• _Your task_
Repeat the entries exactly as they are written.

• _Source data_
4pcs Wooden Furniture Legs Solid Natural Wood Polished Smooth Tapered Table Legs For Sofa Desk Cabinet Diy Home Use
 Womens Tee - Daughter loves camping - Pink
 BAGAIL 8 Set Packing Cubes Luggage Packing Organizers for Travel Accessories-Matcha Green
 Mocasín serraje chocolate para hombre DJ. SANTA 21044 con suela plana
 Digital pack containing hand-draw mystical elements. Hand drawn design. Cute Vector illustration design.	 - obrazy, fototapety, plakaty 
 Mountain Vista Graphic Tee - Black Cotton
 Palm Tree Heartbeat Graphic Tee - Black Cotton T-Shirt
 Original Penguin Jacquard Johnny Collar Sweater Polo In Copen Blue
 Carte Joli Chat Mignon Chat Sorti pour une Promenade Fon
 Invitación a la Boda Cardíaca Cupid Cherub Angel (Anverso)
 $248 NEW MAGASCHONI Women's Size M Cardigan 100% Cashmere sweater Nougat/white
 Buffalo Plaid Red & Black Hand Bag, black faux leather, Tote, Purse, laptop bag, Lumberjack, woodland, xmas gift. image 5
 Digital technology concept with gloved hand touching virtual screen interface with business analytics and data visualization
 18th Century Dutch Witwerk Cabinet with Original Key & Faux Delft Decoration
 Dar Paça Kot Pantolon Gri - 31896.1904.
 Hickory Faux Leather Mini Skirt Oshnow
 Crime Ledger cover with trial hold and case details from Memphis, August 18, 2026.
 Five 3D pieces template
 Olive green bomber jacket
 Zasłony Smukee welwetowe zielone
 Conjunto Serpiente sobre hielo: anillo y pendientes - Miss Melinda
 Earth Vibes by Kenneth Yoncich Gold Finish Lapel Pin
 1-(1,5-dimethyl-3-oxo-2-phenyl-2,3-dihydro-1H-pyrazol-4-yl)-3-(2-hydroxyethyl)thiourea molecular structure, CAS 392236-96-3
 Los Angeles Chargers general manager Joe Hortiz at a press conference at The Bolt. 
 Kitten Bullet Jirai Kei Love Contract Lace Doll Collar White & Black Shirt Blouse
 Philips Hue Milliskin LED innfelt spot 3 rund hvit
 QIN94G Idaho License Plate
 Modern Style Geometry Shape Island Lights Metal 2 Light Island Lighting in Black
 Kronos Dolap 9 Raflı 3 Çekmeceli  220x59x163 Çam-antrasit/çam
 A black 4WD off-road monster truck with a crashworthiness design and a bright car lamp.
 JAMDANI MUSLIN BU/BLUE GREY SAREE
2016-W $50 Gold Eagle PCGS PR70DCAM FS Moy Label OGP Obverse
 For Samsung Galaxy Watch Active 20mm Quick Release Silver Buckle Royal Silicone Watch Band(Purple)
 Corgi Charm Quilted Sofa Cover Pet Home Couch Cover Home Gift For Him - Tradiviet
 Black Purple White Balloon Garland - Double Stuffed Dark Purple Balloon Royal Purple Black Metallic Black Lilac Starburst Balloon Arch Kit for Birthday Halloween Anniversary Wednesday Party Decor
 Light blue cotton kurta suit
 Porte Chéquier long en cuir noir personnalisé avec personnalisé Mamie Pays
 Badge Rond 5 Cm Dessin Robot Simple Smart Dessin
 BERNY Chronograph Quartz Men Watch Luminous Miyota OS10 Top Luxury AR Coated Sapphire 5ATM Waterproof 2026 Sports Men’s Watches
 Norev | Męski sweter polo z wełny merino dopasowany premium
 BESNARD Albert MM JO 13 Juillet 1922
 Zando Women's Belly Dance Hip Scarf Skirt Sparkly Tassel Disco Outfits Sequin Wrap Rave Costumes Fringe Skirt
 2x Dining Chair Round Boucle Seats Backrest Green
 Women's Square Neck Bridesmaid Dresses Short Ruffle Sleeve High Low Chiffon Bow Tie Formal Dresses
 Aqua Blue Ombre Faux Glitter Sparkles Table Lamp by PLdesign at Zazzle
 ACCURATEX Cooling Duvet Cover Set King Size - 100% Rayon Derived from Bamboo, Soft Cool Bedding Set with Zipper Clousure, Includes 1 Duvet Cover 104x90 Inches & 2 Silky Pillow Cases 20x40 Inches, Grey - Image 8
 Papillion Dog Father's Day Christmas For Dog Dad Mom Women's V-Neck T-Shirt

• _Result_
4pcs Wooden Furniture Legs Solid Natural Wood Polished Smooth Tapered Table Legs For Sofa Desk Cabinet Diy Home Use
 Womens Tee - Daughter loves camping - Pink
 BAGAIL 8 Set Packing Cubes Luggage Packing Organizers for Travel Accessories-Matcha Green
 Mocasín serraje chocolate para hombre DJ. SANTA 21044 con suela plana
 Digital pack containing hand-draw mystical elements. Hand drawn design. Cute Vector illustration design.	 - obrazy, fototapety, plakaty 
 Mountain Vista Graphic Tee - Black Cotton
 Palm Tree Heartbeat Graphic Tee - Black Cotton T-Shirt
 Original Penguin Jacquard Johnny Collar Sweater Polo In Copen Blue
 Carte Joli Chat Mignon Chat Sorti pour une Promenade Fon
 Invitación a la Boda Cardíaca Cupid Cherub Angel (Anverso)
 $248 NEW MAGASCHONI Women's Size M Cardigan 100% Cashmere sweater Nougat/white
 Buffalo Plaid Red & Black Hand Bag, black faux leather, Tote, Purse, laptop bag, Lumberjack, woodland, xmas gift. image 5
 Digital technology concept with gloved hand touching virtual screen interface with business analytics and data visualization
 18th Century Dutch Witwerk Cabinet with Original Key & Faux Delft Decoration
 Dar Paça Kot Pantolon Gri - 31896.1904.
 Hickory Faux Leather Mini Skirt Oshnow
 Crime Ledger cover with trial hold and case details from Memphis, August 18, 2026.
 Five 3D pieces template
 Olive green bomber jacket
 Zasłony Smukee welwetowe zielone
 Conjunto Serpiente sobre hielo: anillo y pendientes - Miss Melinda
 Earth Vibes by Kenneth Yoncich Gold Finish Lapel Pin
 1-(1,5-dimethyl-3-oxo-2-phenyl-2,3-dihydro-1H-pyrazol-4-yl)-3-(2-hydroxyethyl)thiourea molecular structure, CAS 392236-96-3
 Los Angeles Chargers general manager Joe Hortiz at a press conference at The Bolt. 
 Kitten Bullet Jirai Kei Love Contract Lace Doll Collar White & Black Shirt Blouse
 Philips Hue Milliskin LED innfelt spot 3 rund hvit
 QIN94G Idaho License Plate
 Modern Style Geometry Shape Island Lights Metal 2 Light Island Lighting in Black
 Kronos Dolap 9 Raflı 3 Çekmeceli  220x59x163 Çam-antrasit/çam
 A black 4WD off-road monster truck with a crashworthiness design and a bright car lamp.
 JAMDANI MUSLIN BU/BLUE GREY SAREE
2016-W $50 Gold Eagle PCGS PR70DCAM FS Moy Label OGP Obverse
 For Samsung Galaxy Watch Active 20mm Quick Release Silver Buckle Royal Silicone Watch Band(Purple)
 Corgi Charm Quilted Sofa Cover Pet Home Couch Cover Home Gift For Him - Tradiviet
 Black Purple White Balloon Garland - Double Stuffed Dark Purple Balloon Royal Purple Black Metallic Black Lilac Starburst Balloon Arch Kit for Birthday Halloween Anniversary Wednesday Party Decor
 Light blue cotton kurta suit
 Porte Chéquier long en cuir noir personnalisé avec personnalisé Mamie Pays
 Badge Rond 5 Cm Dessin Robot Simple Smart Dessin
 BERNY Chronograph Quartz Men Watch Luminous Miyota OS10 Top Luxury AR Coated Sapphire 5ATM Waterproof 2026 Sports Men’s Watches
 Norev | Męski sweter polo z wełny merino dopasowany premium
 BESNARD Albert MM JO 13 Juillet 1922
 Zando Women's Belly Dance Hip Scarf Skirt Sparkly Tassel Disco Outfits Sequin Wrap Rave Costumes Fringe Skirt
 2x Dining Chair Round Boucle Seats Backrest Green
 Women's Square Neck Bridesmaid Dresses Short Ruffle Sleeve High Low Chiffon Bow Tie Formal Dresses
 Aqua Blue Ombre Faux Glitter Sparkles Table Lamp by PLdesign at Zazzle
 ACCURATEX Cooling Duvet Cover Set King Size - 100% Rayon Derived from Bamboo, Soft Cool Bedding Set with Zipper Clousure, Includes 1 Duvet Cover 104x90 Inches & 2 Silky Pillow Cases 20x40 Inches, Grey - Image 8
 Papillion Dog Father's Day Christmas For Dog Dad Mom Women's V-Neck T-Shirt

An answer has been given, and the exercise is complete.